The other thing that surprised me was the bookstores around campus where piracy does not prevail as it prevails in Venezuelan campuses. The direct consequence on the lack of will by the Venezuelan government to control piracy of intellectual property is that Venezuelan bookstores are getting increasingly poorer of teaching material. Around the UNAM the problem is certainly not as bad and this blogger had the joy to sink himself in such book worm pleasures that he bought 5 technical texts to bring back home, at a significant cost in excess weight. And he resisted himself the temptation to dig into art and historical books, otherwise he might have missed his plane next day.....

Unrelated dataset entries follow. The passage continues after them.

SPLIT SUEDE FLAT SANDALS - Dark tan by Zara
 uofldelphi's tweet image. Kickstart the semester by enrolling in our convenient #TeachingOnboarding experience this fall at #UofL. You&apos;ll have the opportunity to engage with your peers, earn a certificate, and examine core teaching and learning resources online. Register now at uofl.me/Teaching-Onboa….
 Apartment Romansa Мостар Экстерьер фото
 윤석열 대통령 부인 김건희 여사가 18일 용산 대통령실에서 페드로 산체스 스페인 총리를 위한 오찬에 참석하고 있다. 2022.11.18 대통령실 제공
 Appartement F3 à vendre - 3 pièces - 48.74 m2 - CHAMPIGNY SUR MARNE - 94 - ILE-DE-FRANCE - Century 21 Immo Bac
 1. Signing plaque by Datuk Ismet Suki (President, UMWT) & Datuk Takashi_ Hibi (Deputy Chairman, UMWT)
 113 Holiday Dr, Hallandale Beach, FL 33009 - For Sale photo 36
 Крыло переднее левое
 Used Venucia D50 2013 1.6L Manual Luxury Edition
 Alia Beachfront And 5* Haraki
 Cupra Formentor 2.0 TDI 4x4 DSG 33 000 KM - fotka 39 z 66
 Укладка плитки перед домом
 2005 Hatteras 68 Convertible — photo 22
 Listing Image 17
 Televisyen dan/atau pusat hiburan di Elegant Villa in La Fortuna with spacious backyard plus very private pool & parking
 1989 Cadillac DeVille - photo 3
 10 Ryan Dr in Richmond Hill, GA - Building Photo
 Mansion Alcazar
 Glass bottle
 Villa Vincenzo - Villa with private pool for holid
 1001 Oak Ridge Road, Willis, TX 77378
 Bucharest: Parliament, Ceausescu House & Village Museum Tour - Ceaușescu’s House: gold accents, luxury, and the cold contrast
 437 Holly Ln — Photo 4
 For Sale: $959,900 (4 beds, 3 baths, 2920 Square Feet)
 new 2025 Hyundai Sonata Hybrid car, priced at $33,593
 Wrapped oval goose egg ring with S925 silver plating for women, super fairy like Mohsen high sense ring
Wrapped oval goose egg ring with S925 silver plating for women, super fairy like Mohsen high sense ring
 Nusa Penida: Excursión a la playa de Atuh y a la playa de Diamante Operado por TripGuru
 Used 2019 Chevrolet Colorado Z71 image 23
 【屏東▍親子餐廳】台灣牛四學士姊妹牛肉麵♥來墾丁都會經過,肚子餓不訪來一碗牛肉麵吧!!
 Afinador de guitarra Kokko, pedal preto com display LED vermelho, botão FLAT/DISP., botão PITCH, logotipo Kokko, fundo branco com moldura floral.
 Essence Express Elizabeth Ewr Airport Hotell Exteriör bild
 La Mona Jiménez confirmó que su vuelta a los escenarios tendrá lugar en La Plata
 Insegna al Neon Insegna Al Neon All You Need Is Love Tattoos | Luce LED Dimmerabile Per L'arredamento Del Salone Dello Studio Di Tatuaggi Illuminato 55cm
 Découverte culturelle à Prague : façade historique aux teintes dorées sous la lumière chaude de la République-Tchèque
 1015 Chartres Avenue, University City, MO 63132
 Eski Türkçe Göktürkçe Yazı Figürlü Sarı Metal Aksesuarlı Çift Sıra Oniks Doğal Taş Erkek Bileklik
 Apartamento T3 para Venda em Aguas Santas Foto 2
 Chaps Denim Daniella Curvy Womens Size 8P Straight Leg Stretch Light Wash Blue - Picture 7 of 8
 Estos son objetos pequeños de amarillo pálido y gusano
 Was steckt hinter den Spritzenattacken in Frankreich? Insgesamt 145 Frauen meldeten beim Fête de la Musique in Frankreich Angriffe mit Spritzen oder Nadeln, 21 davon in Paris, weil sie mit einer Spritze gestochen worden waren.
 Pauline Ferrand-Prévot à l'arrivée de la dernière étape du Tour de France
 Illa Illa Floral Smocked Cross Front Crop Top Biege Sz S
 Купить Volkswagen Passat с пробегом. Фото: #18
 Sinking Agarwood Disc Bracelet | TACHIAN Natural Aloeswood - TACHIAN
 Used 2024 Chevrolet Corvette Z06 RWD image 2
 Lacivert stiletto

This profusion of book stores in addition to one of the most famous library buildings (picture above) is no accident: the UNAM is indeed a center of culture and it reeks of it at every corner. Just a look at its web page will dazzle you by all the cultural activities offered which by themselves are infinitely superior in quality and quantity than all that Venezuela has to offer these sad days where creeps like Farruco Sesto preside over the regimentation of Kultur!


This last picture resumes in a way the surprisingly placid outlook of the huge UNAM where business seems to be to think more than to make politics. Even though Mexico is still not out of the Obrador accusations, you would never have guessed it from a UNAM visit. Even if the UNAM is a world on its own, a large city with all its services and problems, it functions, it looks to the future and is not immersed in navel gazing and acrid recriminations. But chavismo is clearly not interested in such a campus style: here campuses are to create the new Venezuelan man through political education. Technical education and critical thinking can take a back seat for the time being. We are going to pay this dearly. Meanwhile the UNAM can manage highly skilled professionals and dreamers wild enough to join the FARC. That tells you all.

And yes, I have been totally enthralled by the blooming jacarandas, I shot dozens of pictures just of them. But I think that three are enough for a single post.